Quinoa – The Ancient Secret of the Inca
January 4, 2009
Quinoa had been cultivated as a crop for over 5000 years. It originates from the Andean region of South America. It is a type of psedocereal crop, whose commercial availability is currently limited. There are almost 2000 varieties of quinoa, ranging from ivory to pink, red, brown and almost black.
It was cultivated by the ancient Incas, who regarded it as sacred and called it ‘chisaya mama’ or the ‘Mother Grain.’ In its natural state, quinoa has a bitter-tasting coating of saponins, which makes it unpalatable. To remove the coating, the grain needs to be soaked in water for a few hours, then rinsed under running water. However, health stores also offer pre-rinsed quinioa for your convenience.
When cooked, quinoa is light, fluffy, with a mild, slightly nutty flavor which makes it an excellent alternative to rice, bulgur or couscous.
Quinoa is cooked just like rice, bringing two cups of water to a boil with one cup of grain, covering at a low simmer and cooking for 14–18 minutes or until the germ separates from the seed. The cooked germ looks like a tiny curl and should have a slight bite to it like al dente pasta.
Quinoa is also a high-protein breakfast food mixed with honey, almonds, or berries; Quinoa flour can be used in wheat-based and gluten-free baking.
The United Nations has classified this super-food as a “super-crop.” Quinoa contains more protein than any other grain (an average of 16.2%, compared with 7.5% for rice, 9.9% for millet and 14% for wheat).
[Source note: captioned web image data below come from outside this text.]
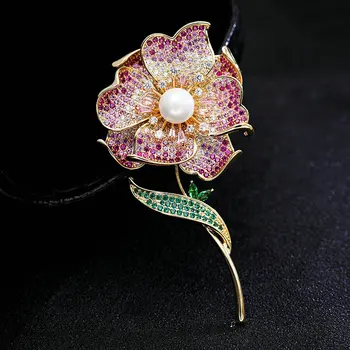 SINZRY gorgeous CZ jewelry AAAAA cubic zirconia Korean peony flower suit brooches women's beauty sweater brooch 
SINZRY gorgeous CZ jewelry AAAAA cubic zirconia Korean peony flower suit brooches women's beauty sweater brooch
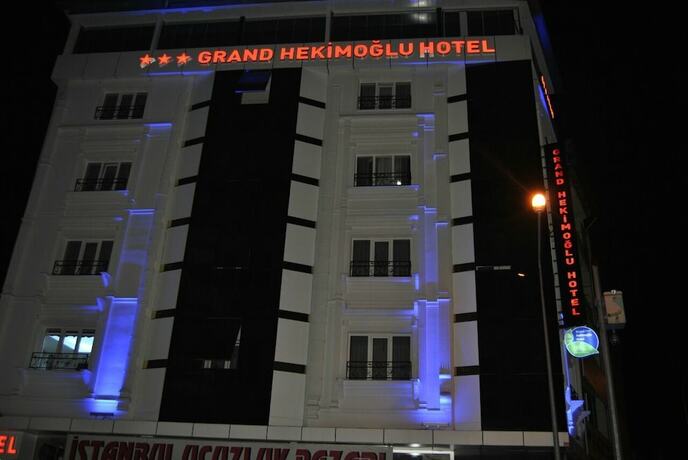 Imagen general del Hotel Grand Hekimoglu. Foto 6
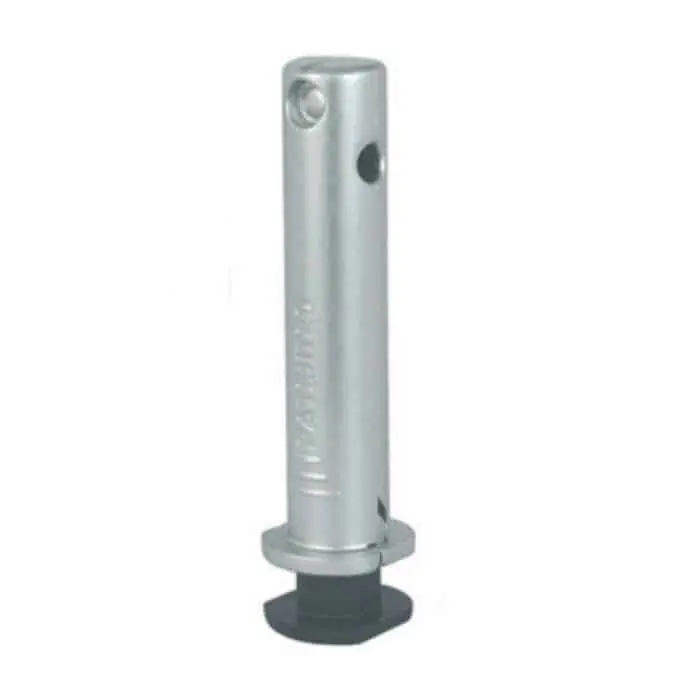 Piedino Rekord 14 Livenza regolabile per mobile, portata 150 kg, diametro 14 mm, interasse 70 mm Seizoensaanbieding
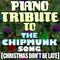 Piano Tribute To The Chipmunk Song专辑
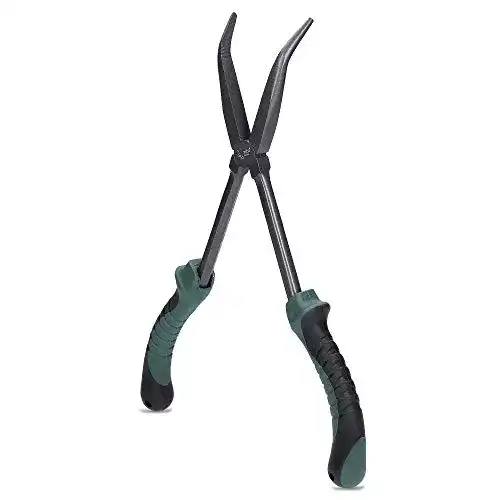 Angelzange Zite Fishing Hakenlöser-Zange gebogen 28 cm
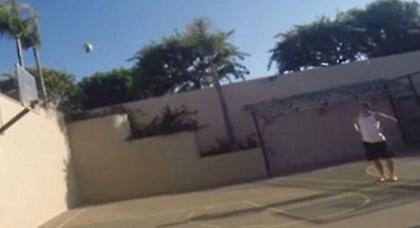 Ολίγον από… μπάσκετ και ο Μπέιλ (vid)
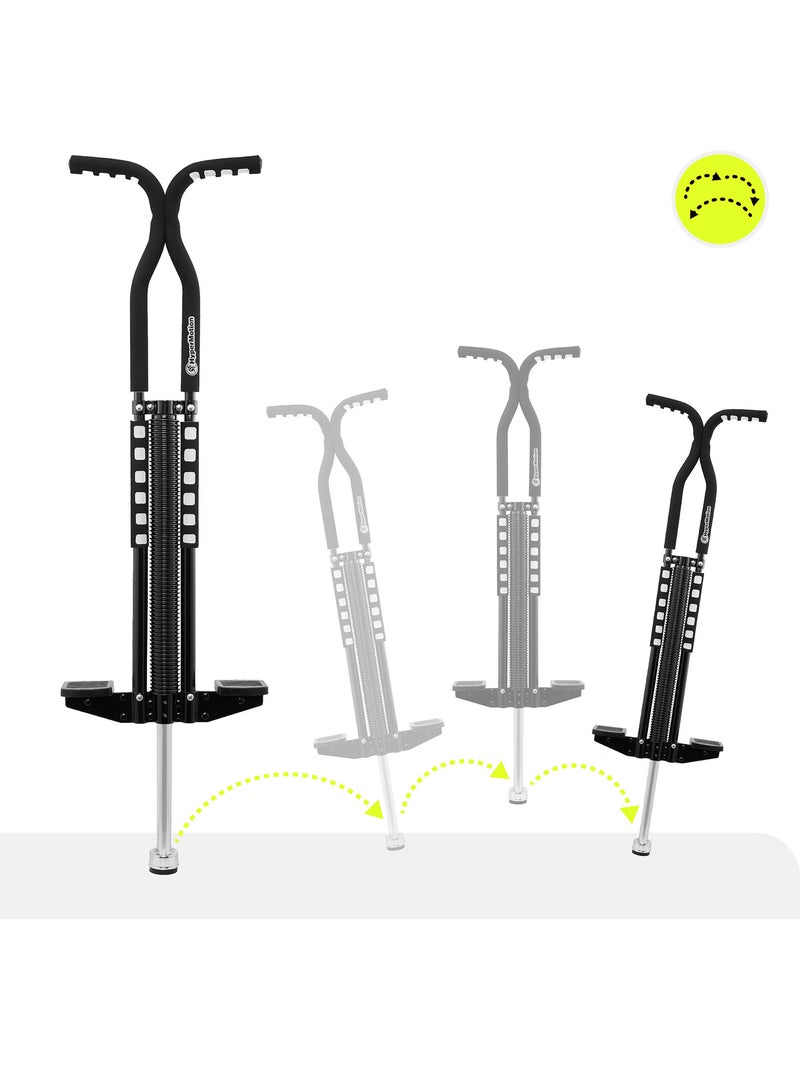Pogo stick springstok kinderen 103cm stalen 50kg hypermotion N.v.t. - Kiabi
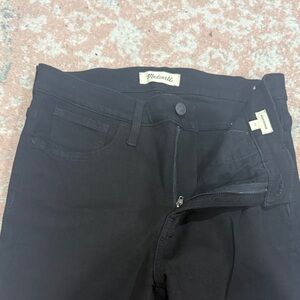 Madewell Roadtripper Black Denim Jeans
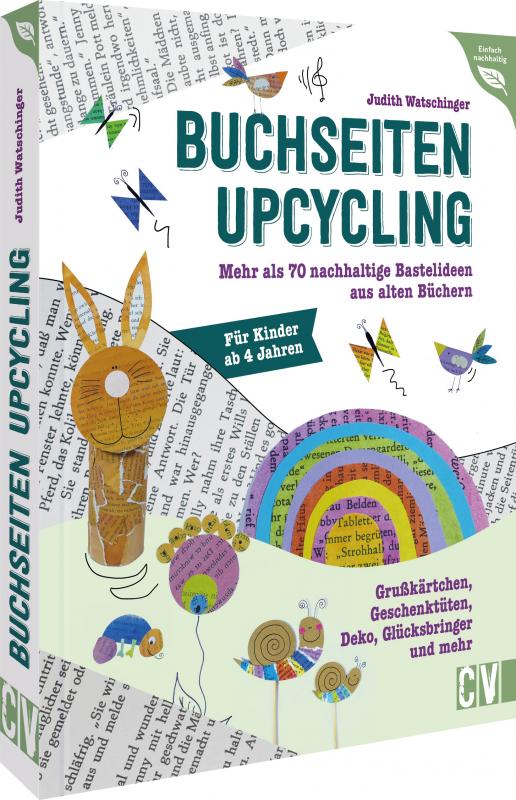 Cover-Bild Buchseiten-Upcycling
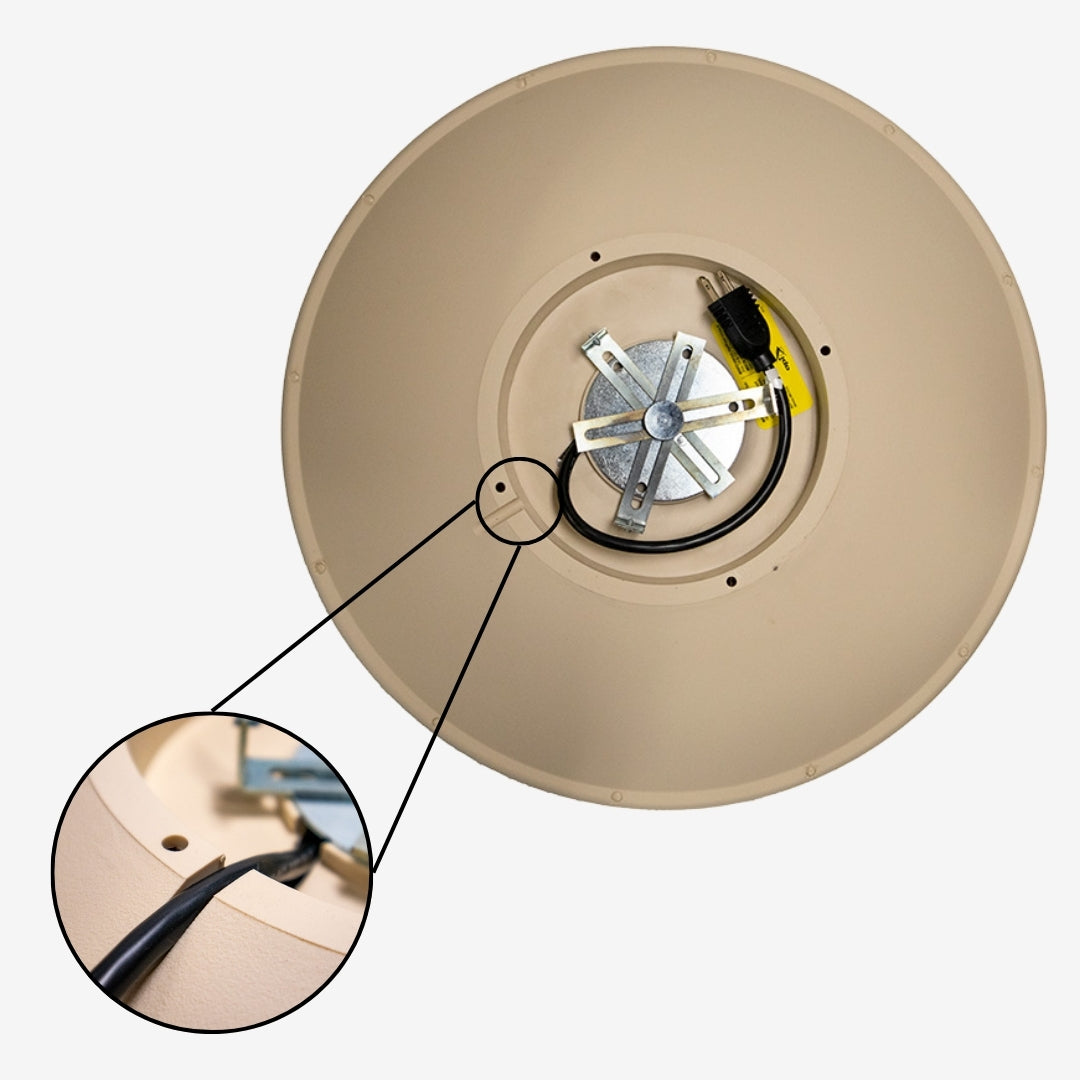 Heated bird bath with a sturdy deck mount, perfect for winter bird care by Allied Precision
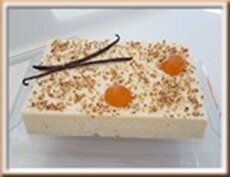 0281s - chiboust citron sur financier aux framboises 0281s - chiboust citron sur financier aux framboises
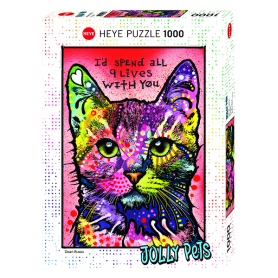 Puzzle Cats - 9 Lives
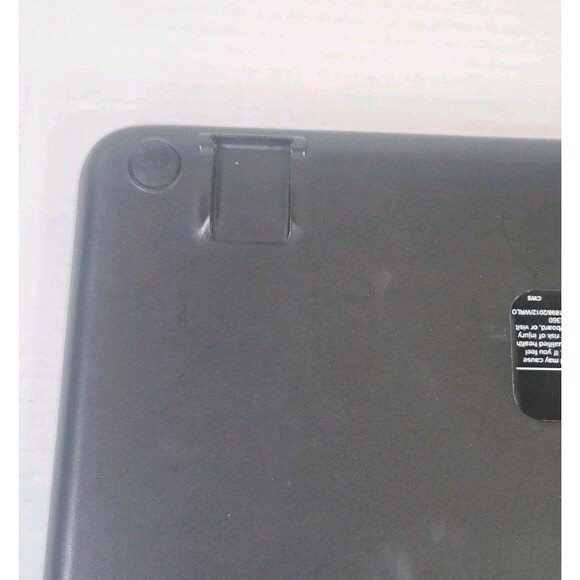 Logitech K360 Wireless Keyboard Glossy Black USB Dongle Included Tested Works PC - Picture 5 of 7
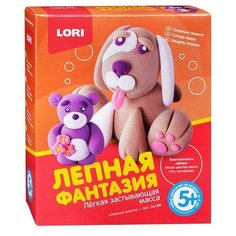 Масса для лепки LORI Лепная фантазия - Озорные зверята (Лм-008)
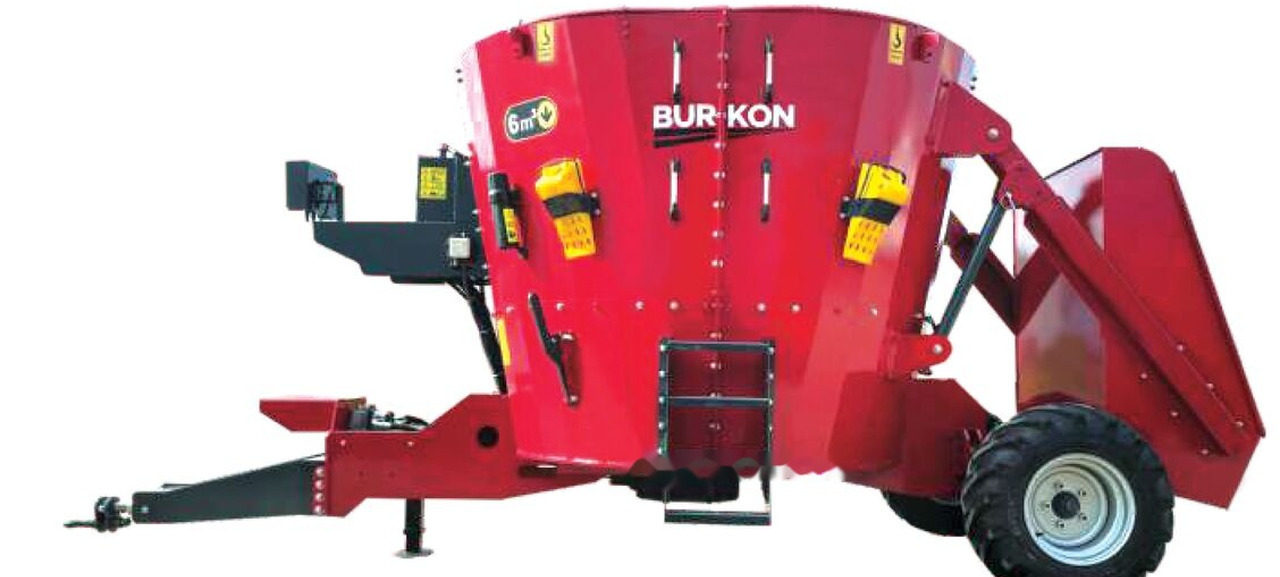 Burkon 6m3 Çekilir (380V) Dikey Yem Karma Makinesi ( BK-F600 ) - Forage mixer wagon: picture 2 Burkon 6m3 Çekilir (380V) Dikey Yem Karma Makinesi ( BK-F600 ) - Forage mixer wagon: picture 2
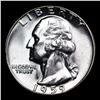 Image 2 : 1959-p Washington Quarter 25c Grades GEM+ Unc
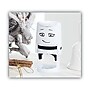NIO® Stamp with Voucher and Fancy Gray Ink Pad, Self-Inking, 1.56" Diameter~#|#~839795B0-4839-4280-BDCDA7B267AF480B_sc7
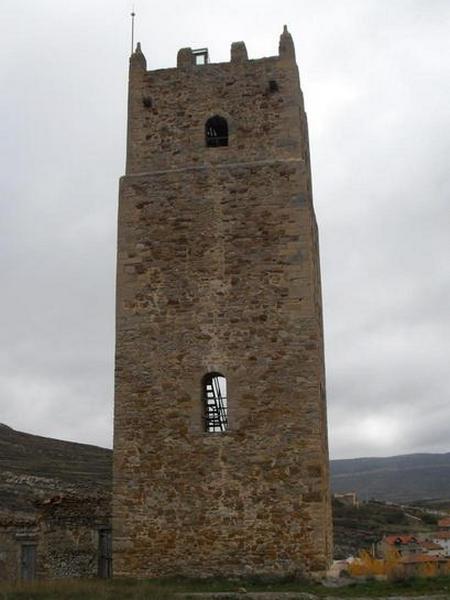 Torreón de Villarroya de los Pinares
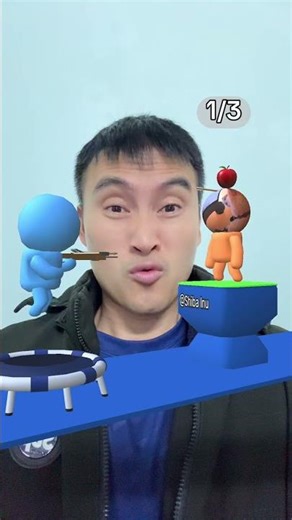 Shooting apples #gameplay #shorts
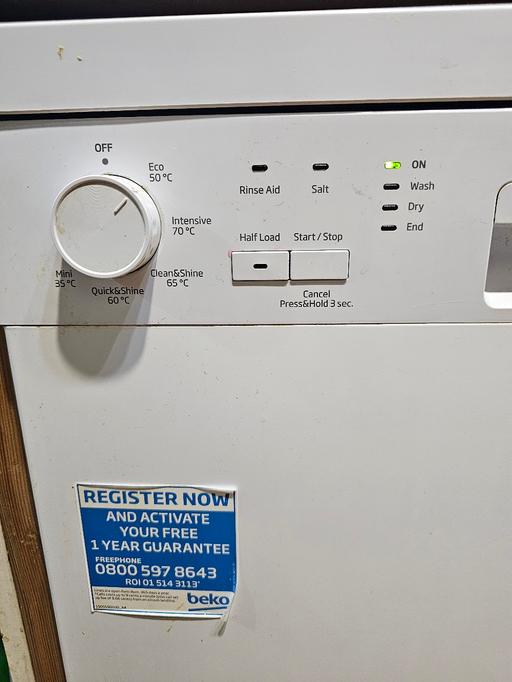 Buy & Sell Barbican Central London - Photos for Beko 13 Place Dishwasher Excellent Condition
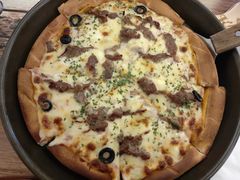 韩式烤肉披萨-Kpasta韩式意大利面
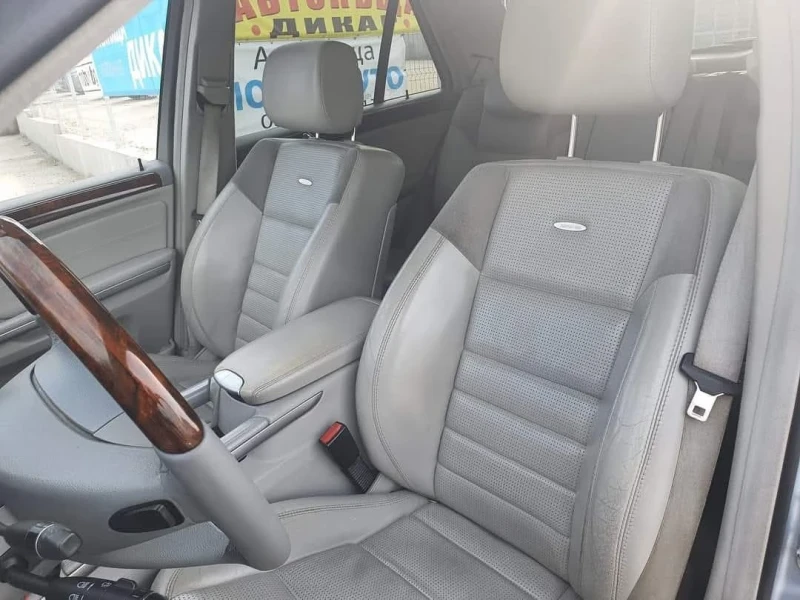 Mercedes-Benz ML 63 AMG 6.3 AMG / LPG  Спешно!, снимка 5 - Автомобили и джипове - 52566108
It’s also a good source of dietary fiber and is high in magnesium, potassium and iron and a good source of phosphorous, calcium, vitamin E and several B vitamins. It contains an almost perfect balance of all eight essential amino acids needed for tissue development in humans.
So next time you reach for the rice or wheat flour, consider using this super healthy, fun and yummy alternative instead in your favorite recipes for stews, soups, stir-fries and salads, bread, muffins, bagels, cookies and pancakes.